Il Comup ha stilato anche una lettera inviata a deputati e senatori che riportiamo integralmente perché spiega in modo chiaro e sintetico la partita in gioco.
“Siamo cittadini di tutta Italia che hanno dato vita ad un Coordinamento Nazionale, apartitico e apolitico, che riunisce pensionati, esodati e tutti i lavoratori, futuri pensionati, ai quali soprattutto è rivolto il nostro sforzo di difesa dei principi costituzionali in tema pensionistico.
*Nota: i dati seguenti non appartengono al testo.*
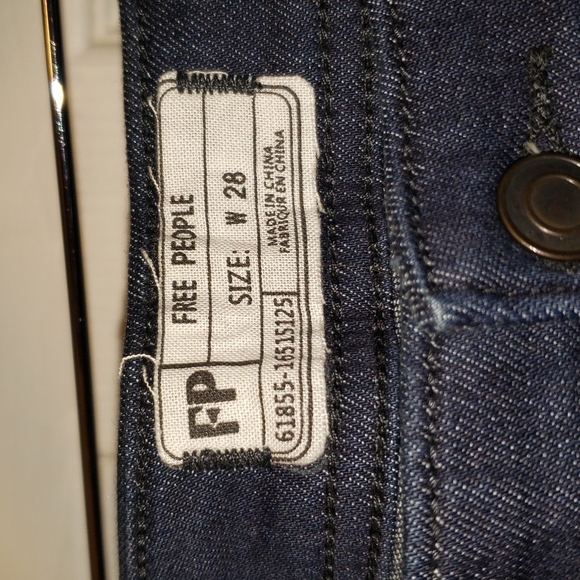 Free People dark blue jeans 28 - Picture 4 of 11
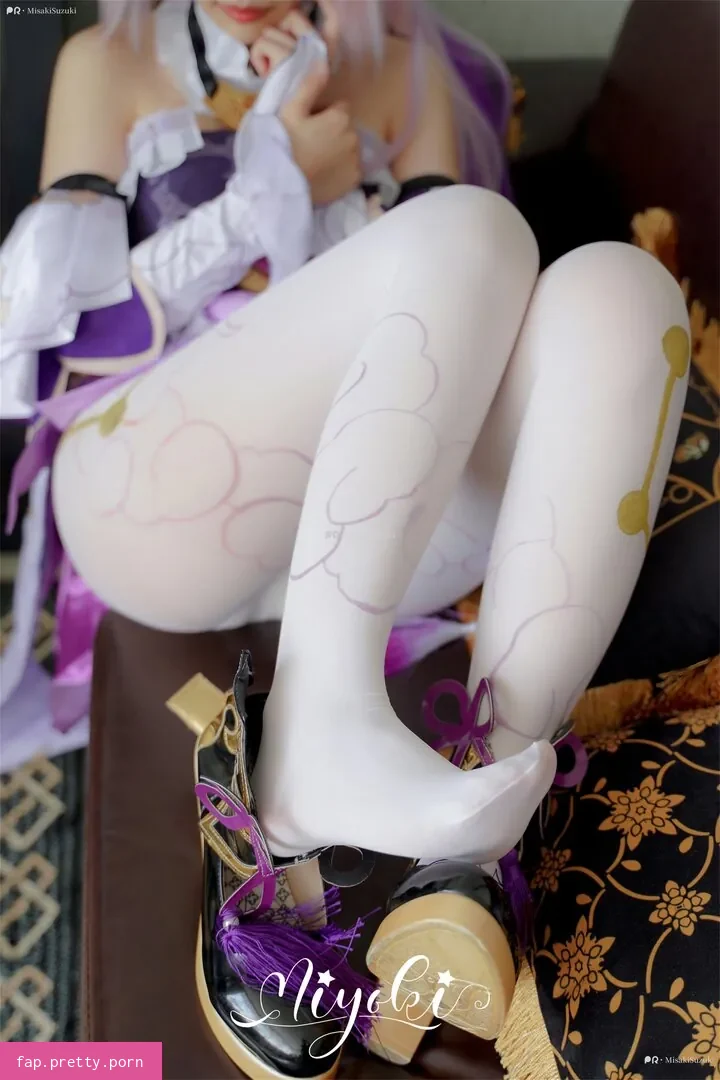 Misaki Suzuki - Photo #05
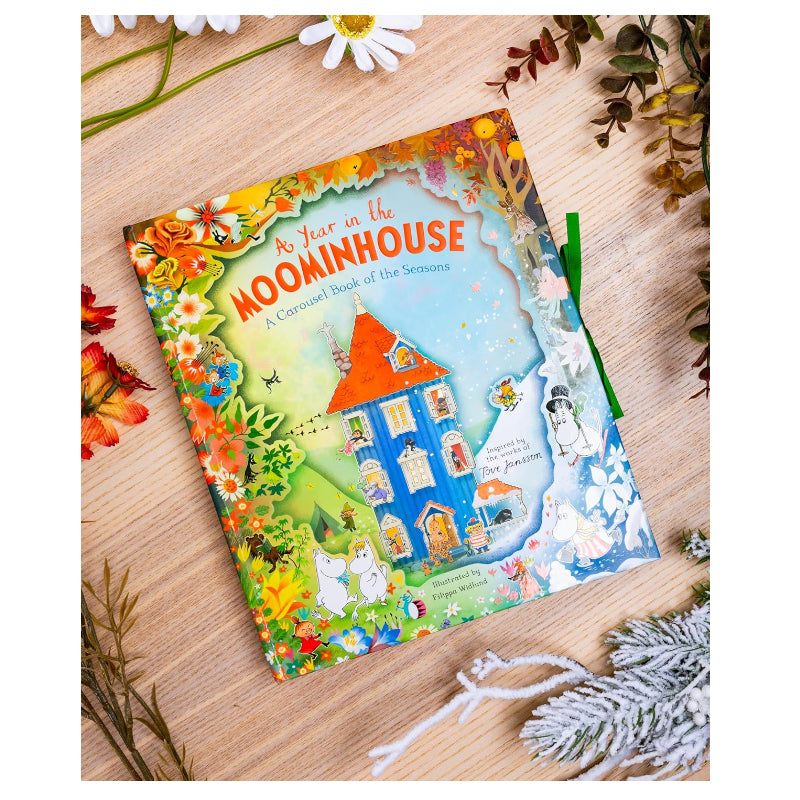 A Year in the Moominhouse: A Carousel Book of the Seasons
“La sentenza n. 70 della Consulta ha sancito il principio che la proporzionalità e l’adeguatezza della pensione alla retribuzione debbano sussistere non solo al momento del collocamento a riposo, ma anche successivamente. Alla Consulta non è certamente sfuggito evidentemente che il provvedimento Monti/Fornero di congelamento totale della rivalutazione per gli anni 2012 e 2013 per le pensioni superiori a tre volte il trattamento minimo si inseriva in un meccanismo perverso che prevedeva già parziali o nulle rivalutazioni fin dal 1996.
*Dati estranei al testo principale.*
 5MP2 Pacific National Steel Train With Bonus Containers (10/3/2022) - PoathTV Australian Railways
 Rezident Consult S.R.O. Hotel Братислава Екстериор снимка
Il D.L. 65/2015 del Governo Renzi a seguito della suddetta sentenza, si limita a concedere qualche irrisorio arretrato escludendo totalmente i fruitori di una pensione superiore a 6 volte il trattamento minimo, irridendo la Corte Costituzionale e facendosi beffe dei pensionati del ceto medio che hanno svolto per una vita un’attività lavorativa all’insegna della correttezza contributiva e fiscale.
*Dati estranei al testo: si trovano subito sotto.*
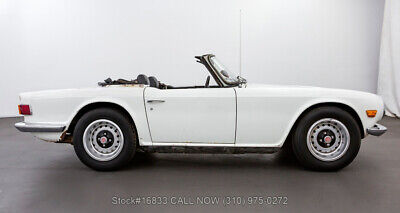 Triumph-TR6-1971-White-Other-Color-0-3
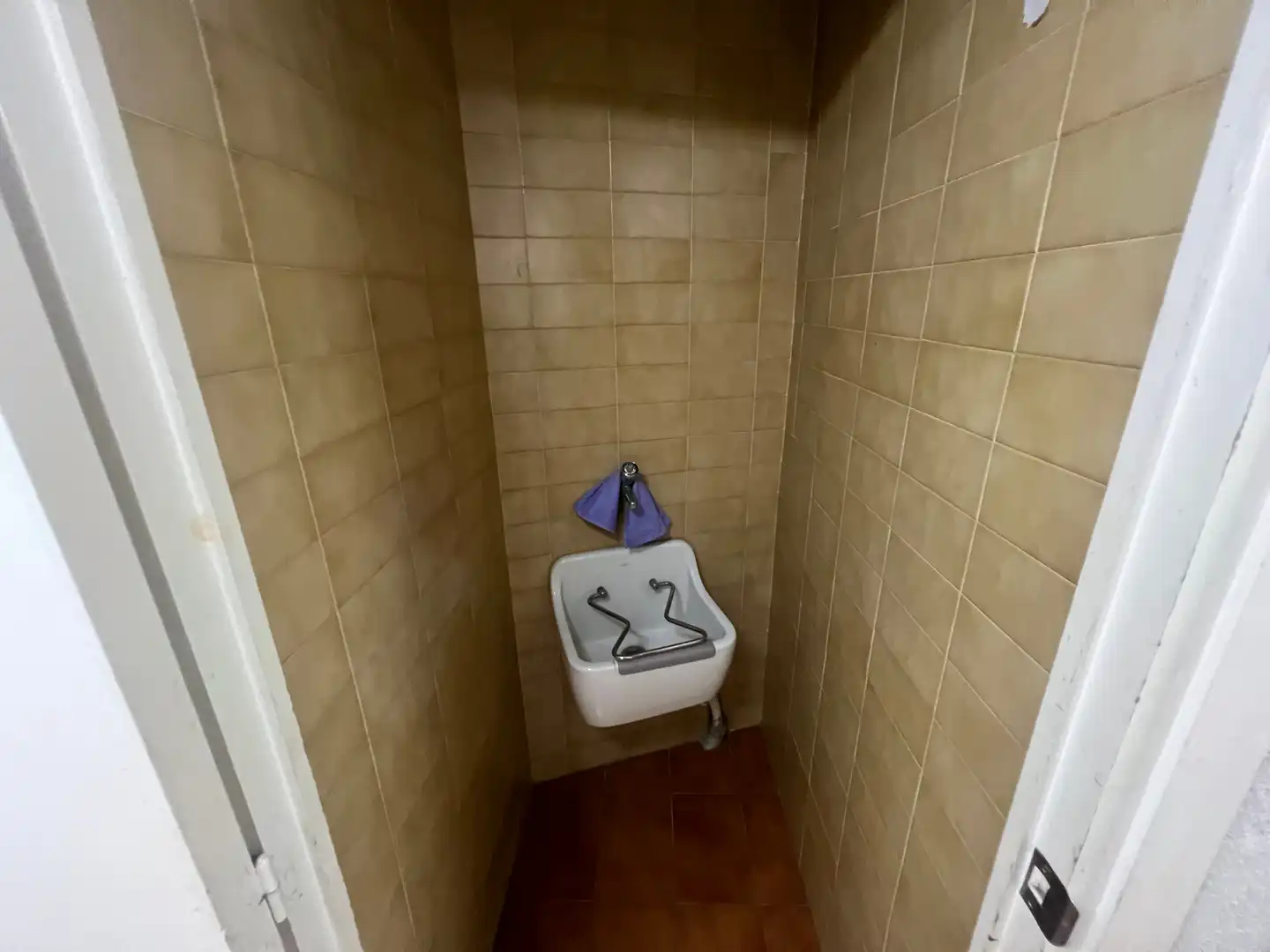 Bathroom of Commercial properties for rent in Cervera  with Air Conditioner, Heating and Furnished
Sarà sufficiente dare uno sguardo al riepilogo allegato sul meccanismo di rivalutazione automatica delle pensioni per capire che c’è un intento chiaro da parte degli ultimi Governi ed in particolare di quello attuale: TUTTE LE PENSIONI DEVONO TENDERE NEL PIU’ BREVE TEMPO POSSIBILE AD ADEGUARSI A TRE VOLTE IL TRATTAMENTO MINIMO.

Non lasciamoci ingannare peraltro dal fatto che il tasso di inflazione in questi anni è basso, niente ci garantisce che esso non possa salire nei prossimi anni. Copiamo dalla Germania dove le pensioni sono agganciate agli aumenti dei lavoratori dell’industria e l’aliquota contributiva è del 24% anziché del 33%. I pensionati non hanno rinnovi contrattuali o bonus o promozioni, se togliamo loro la rivalutazione è la fine. Si può accettare una rivalutazione attenuata, ma mai che non si percepisca neppure l’aumento riconosciuto alle fasce più basse.

Il messaggio Renziano lascia trasparire un progetto di ghettizzazione dei vecchi. I vecchi si devono contentare di un minimo uguale per tutti a prescindere da ciò che hanno fatto nella vita.

In altra sede ci proponiamo di parlare della truffa del meccanismo di calcolo della pensione con il sistema di calcolo contributivo “all’italiana”, un sistema unico al mondo e non presente neppure nei fondi assicurativi delle assicurazioni private”.